### Instructions to follow
Up to the line containing "Купити Ліхтар налобний", nothing is kept; from that line through the end of the data below, output every line exactly.
[Dataset excerpt Boundary: Start]
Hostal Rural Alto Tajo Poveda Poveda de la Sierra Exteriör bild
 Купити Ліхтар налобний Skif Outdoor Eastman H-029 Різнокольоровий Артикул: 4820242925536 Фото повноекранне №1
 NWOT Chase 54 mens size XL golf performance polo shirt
[Dataset excerpt Boundary: End]
### Response to this task
 Купити Ліхтар налобний Skif Outdoor Eastman H-029 Різнокольоровий Артикул: 4820242925536 Фото повноекранне №1
 NWOT Chase 54 mens size XL golf performance polo shirt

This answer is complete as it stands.